The bad news from Robinhood kept coming today. First, the New York Department of Financial Services hit the company with a $30 million fine, followed by the company's CEO announcing layoffs for about one-quarter of its staff.
After the layoff announcement, Robinhood released its second-quarter earnings, reporting net revenues were up 6% to $318 million. Still, it's a far cry from Q2 2021, when the firm raked in over $233 million in crypto transaction revenue and $565 million in net revenues.
Crypto transaction revenue saw a slight increase from Q1, from $54 million to $58 million.
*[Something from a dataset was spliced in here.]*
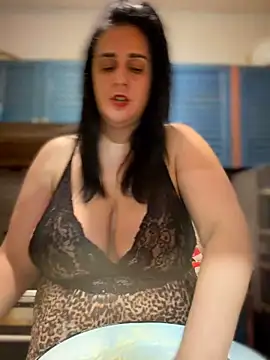 Snapshot of Mary_kansas_bbw chatting on April 19, 2026, 6:10 pm Mary kansas bbw online show from April 19, 2026, 6:10 pm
Despite the uptick, overall transaction revenues were down 7%. Today's figure marks the most the firm has made on crypto since the mania of 2021.
The firm touted its introduction of a number of new coins and wallet offering, saying in a statement that it plans to continue building momentum in crypto.
Like last quarter, the earnings figures came hot off the announcement of layoffs. In Q1, Robinhood laid off approximately 9% of its global staff before announcing its earnings figures. At the time, it cited a period of significant growth that led to duplicate roles and needless layers of complexity. Today, the firm made similar moves, announcing a fresh round of layoffs.
"As part of a broader company reorganization into a General Manager (GM) structure, I just announced that we are reducing our headcount by approximately 23%. While employees from all functions will be impacted, the changes are particularly concentrated in our operations, marketing, and program management functions," Vlad Tenev, CEO of Robinhood, said in a blog post.
Separately, and before the layoff news, the crypto business hit a speed bump today when the New York Department of Financial Services fined Robinhood for allegedly failing to comply with anti-money laundering and cybersecurity regulations. It will now be required to retain an independent consultant to evaluate its crypto business's compliance.
Robinhood will host its second-quarter 2022 earnings call tomorrow at 5 p.m. EDT.